With all of the recent and abrupt changes due to the concerns of the spread of COVID-19, many children are experiencing increased fear and anxiety. MCMC’s Behavioral Health provider Stephanie Becker, LCSW, says children’s worries and fears should be of great concern. She offers these tips for parents and families to help children through this extraordinary time:

  1. Allow children space to discuss, process, and understand their fears. Setup a time for family discussion once a day. Leave a “Worry Pad” out for kids to write down or draw their worries to be discussed. This gives kids permission to leave their worries there until they can be discussed together.
  2. Reduce exposure to ongoing, repetitive messages about the current health crisis. This means limiting exposure to TV news, talk radio and internet, and being mindful of the conversations you have in front of your kids.
  3. Help kids to find ways to improve empowerment and control over their fears while making a difference, such as:
    • Converting fears into thoughts about creating healthier living.

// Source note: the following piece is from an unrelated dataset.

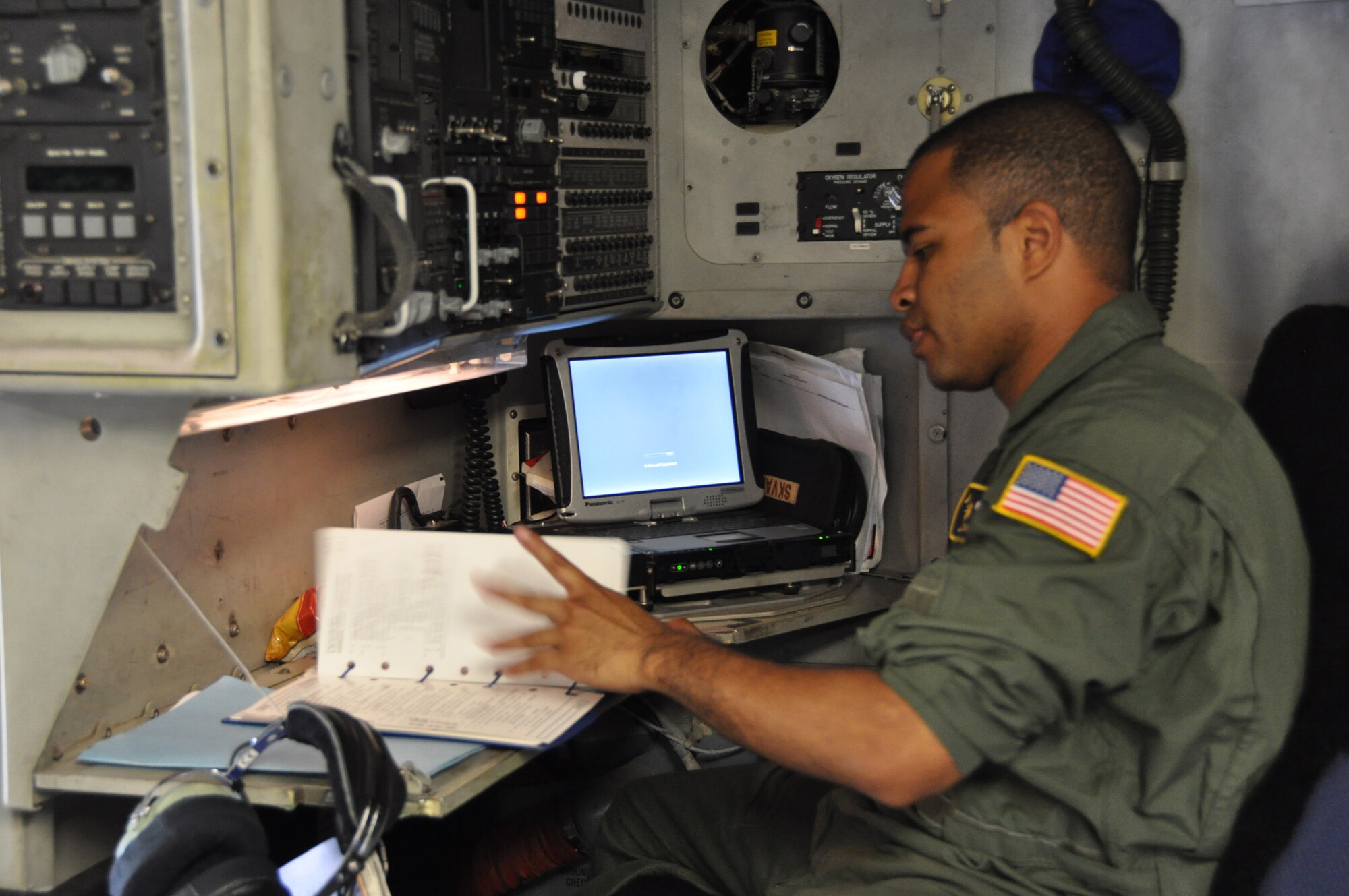 Tech. Sgt. Joe Poltor, a loadmaster with the 317th Airlift Squadron, Joing Base Charleston S.C. performs his duties on a C-17 Globemaster III.  (U.S. Air Force photo by Staff Sgt. Bobby Pilch)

    • Honoring social distancing, but helping to check in on neighbors and friends’ needs.
    • Honoring social distancing, but finding ways to volunteer and help others.
    • Finding ways to help out and improve the household through family projects and cleaning to improve quality of living.
  4. Create a calendar together with kids to maintain daily routines and structure. This also helps to decrease time children have to place into worries and fears. Daily activities may include ongoing academic time, family time, reading time together, skills-building learning activities, etc.
  5. Plan activities and outdoor adventures for the whole family to enjoy. Daily walks can help decrease stress while improving mental clarity.
  6. Remember social distancing does not mean isolation. Keep social contacts by phone or video chat.
  7. Keep a level of improved self-care for yourself and your family. Taking good care of yourself will help model this behavior for your children, too.
  8. Monitor kids for symptoms of depression such as increased sadness, lack of motivation and not following daily routines. If you have concerns, please contact your child’s physician.

Lastly, find ways for your family to advocate for the community by safely helping support quarantined neighbors with household and animal care needs. This can tremendously increase your children’s self-worth and value. They will be grateful for the positive experience and contributions once things return back to their previous daily activities.